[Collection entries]

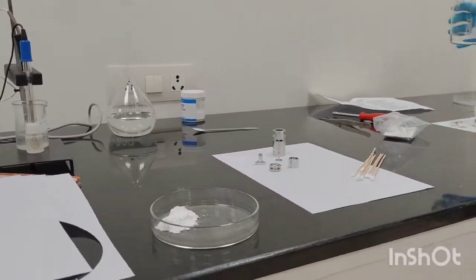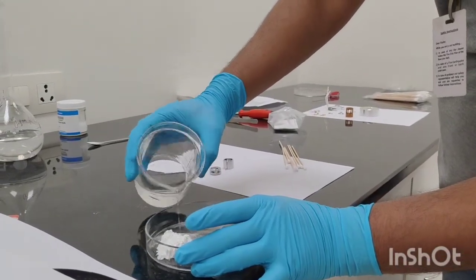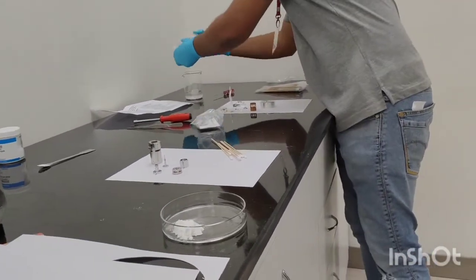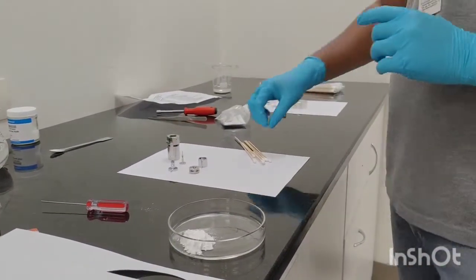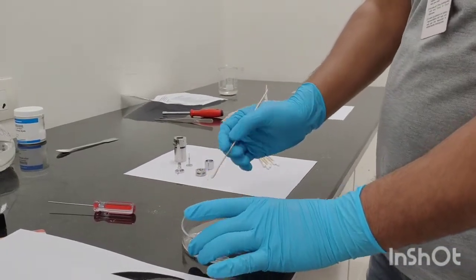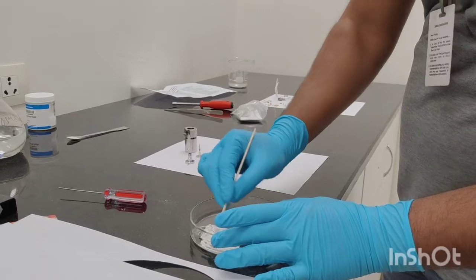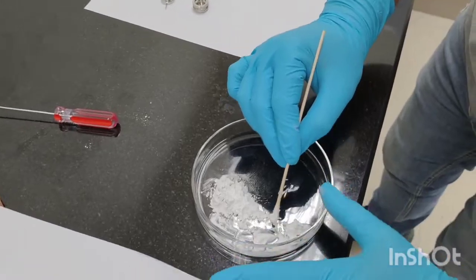Now we need to make a paste out of this aluminum oxide powder, so I am pouring a small quantity of HPLC GC-grade acetone — you can use methanol also instead of acetone, and some people also use water, but preferably I would recommend acetone or methanol so it evaporates very easily. Just make a small amount of paste and keep the rest of the powder as is.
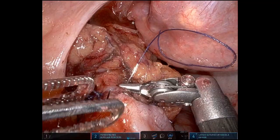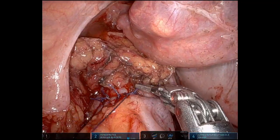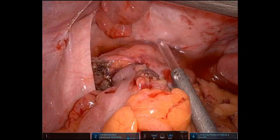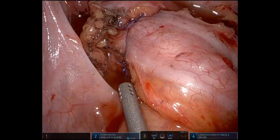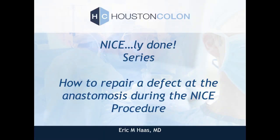This is suture number four. Following this, basically that's it. No need to divert, no need to do anything different than you would do. When you repair it like this, it's as good as new. We're doing our air insufflation test, taking special attention to focus on that area where those four sutures were. We see no bubbles, no leaks, and it looks very good.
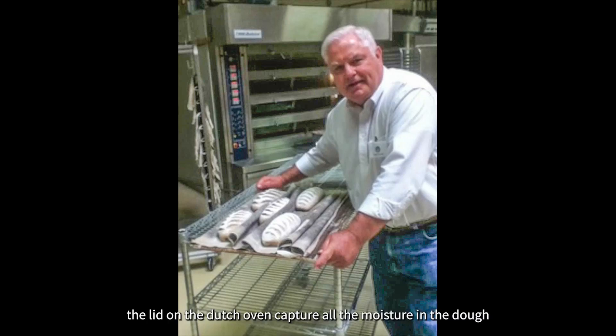The lid on the Dutch oven captures all the moisture in the dough, preventing it from escaping. As the dough is baked and the water in the dough becomes steam, the Dutch oven becomes a miniature bread baking oven.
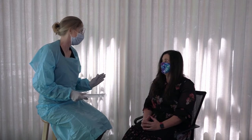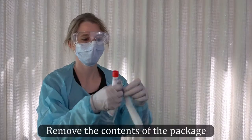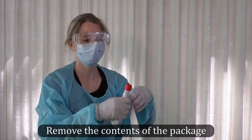Advise the patient that you will collect the specimen momentarily. As needed, remind the patient that the procedure may cause them temporary discomfort but will last only a few moments. Unwrap the swab being careful not to contaminate its tip.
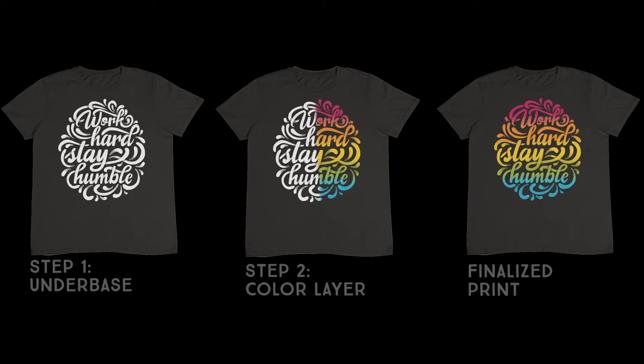Let's have a look at a live example. As you can see, I'm now wearing a t-shirt with a white underbase — this is how it would look before the color layer is applied, for all colored, dark, and black t-shirts. Now let's apply the color layer. As you can see, the colors have been applied on top of the white layer. In this example, everything is covered by CMYK and you do not see anything of the white underbase anymore, but you can feel it — the print gets thicker the more white layers you print on.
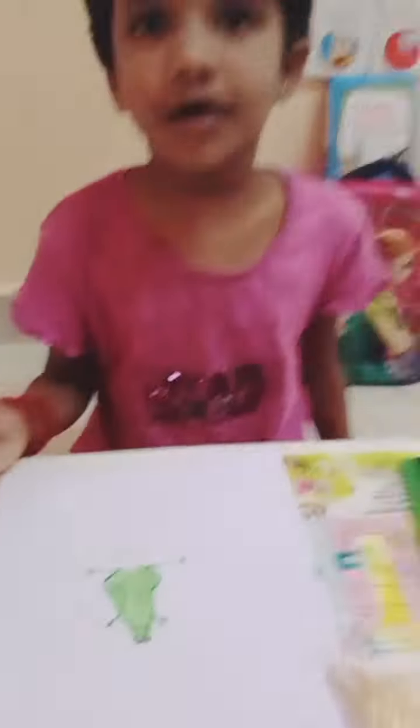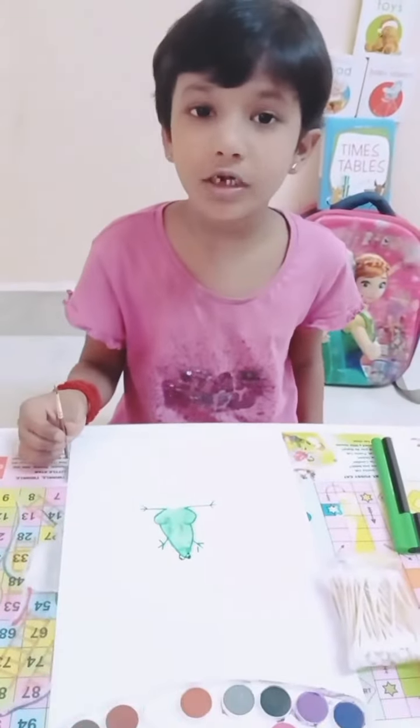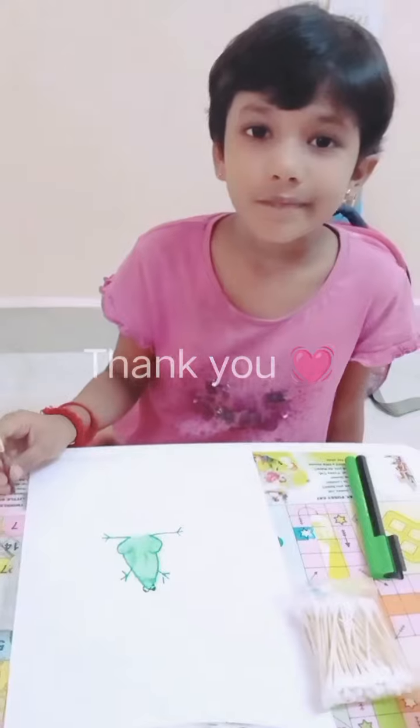Now this is how we make a frog with watercolors. Thank you.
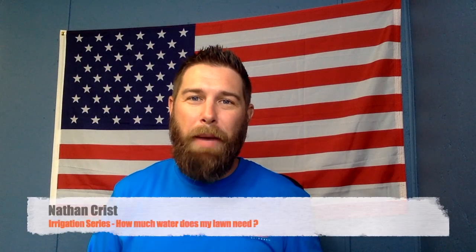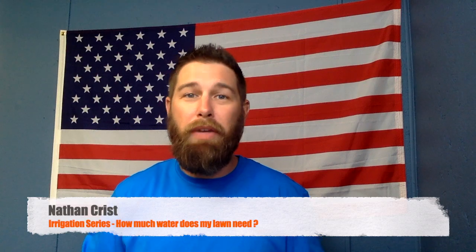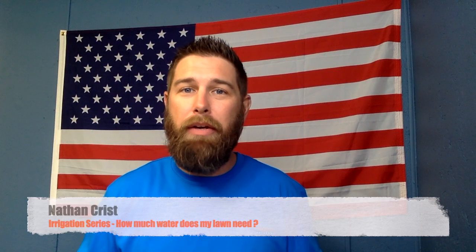What is going on guys? Welcome back to the channel. My name is Nathan Christ and today I'm going to make a series of short videos that talk all about how to irrigate your lawn.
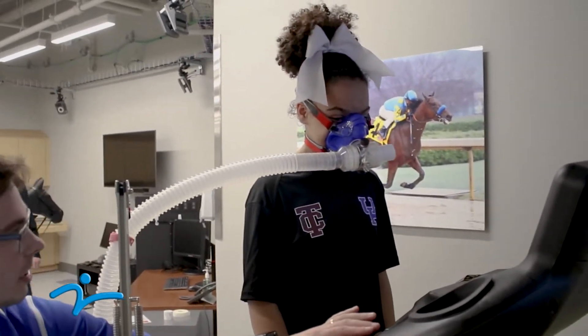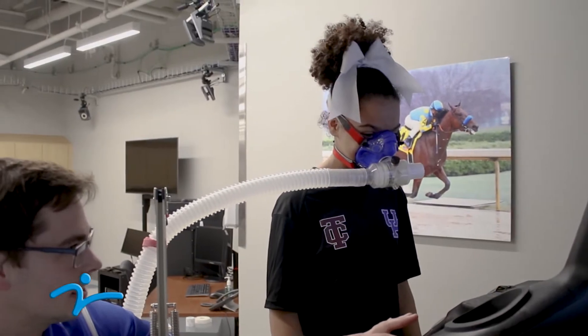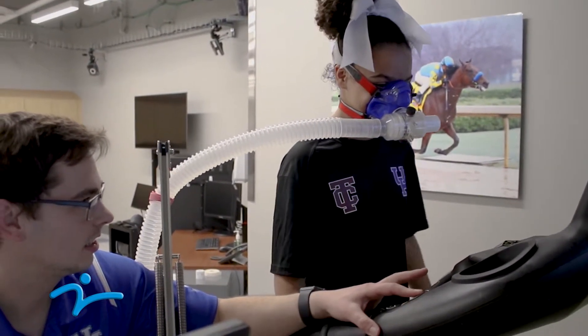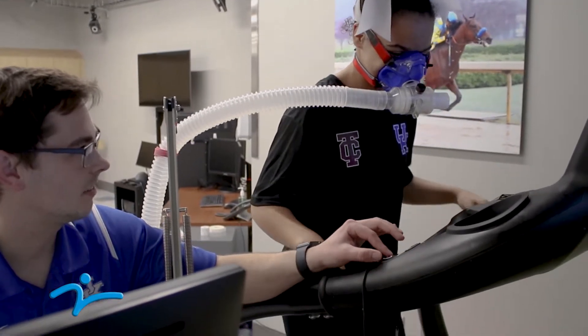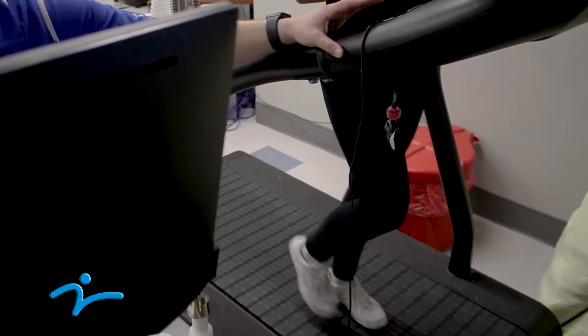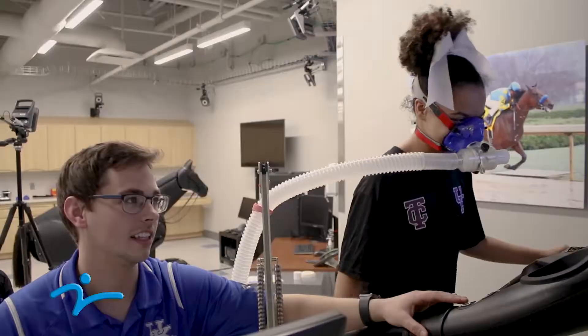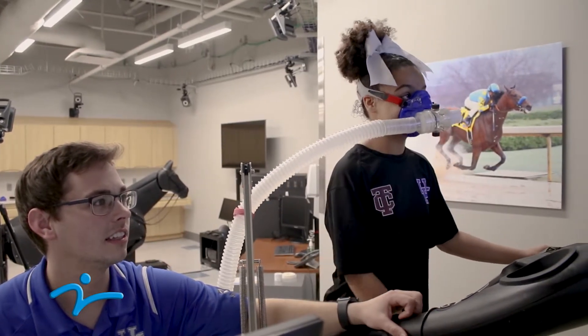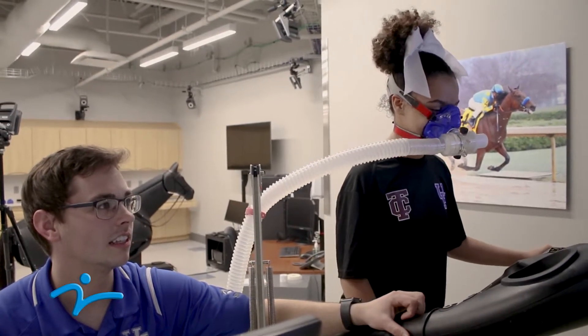I'm gonna increase this just so you're walking at a comfortable pace. As you're running you're wearing this mask and this tube, and we actually know how much oxygen is in the air, and then how much carbon dioxide you're breathing out. This machine is actually able to work out the difference between the oxygen in the air and how much carbon dioxide you're breathing out.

• WHAT IS NEEDED: Would you reproduce the lines above exactly, without carrying over the pictures?

• REPLY:
Now we need to make a paste out of this aluminum oxide powder, so I am pouring a small quantity of HPLC GC-grade acetone — you can use methanol also instead of acetone, and some people also use water, but preferably I would recommend acetone or methanol so it evaporates very easily. Just make a small amount of paste and keep the rest of the powder as is.
This is suture number four. Following this, basically that's it. No need to divert, no need to do anything different than you would do. When you repair it like this, it's as good as new. We're doing our air insufflation test, taking special attention to focus on that area where those four sutures were. We see no bubbles, no leaks, and it looks very good.
The lid on the Dutch oven captures all the moisture in the dough, preventing it from escaping. As the dough is baked and the water in the dough becomes steam, the Dutch oven becomes a miniature bread baking oven.
Advise the patient that you will collect the specimen momentarily. As needed, remind the patient that the procedure may cause them temporary discomfort but will last only a few moments. Unwrap the swab being careful not to contaminate its tip.
Let's have a look at a live example. As you can see, I'm now wearing a t-shirt with a white underbase — this is how it would look before the color layer is applied, for all colored, dark, and black t-shirts. Now let's apply the color layer. As you can see, the colors have been applied on top of the white layer. In this example, everything is covered by CMYK and you do not see anything of the white underbase anymore, but you can feel it — the print gets thicker the more white layers you print on.
Now this is how we make a frog with watercolors. Thank you.
What is going on guys? Welcome back to the channel. My name is Nathan Christ and today I'm going to make a series of short videos that talk all about how to irrigate your lawn.
I'm gonna increase this just so you're walking at a comfortable pace. As you're running you're wearing this mask and this tube, and we actually know how much oxygen is in the air, and then how much carbon dioxide you're breathing out. This machine is actually able to work out the difference between the oxygen in the air and how much carbon dioxide you're breathing out.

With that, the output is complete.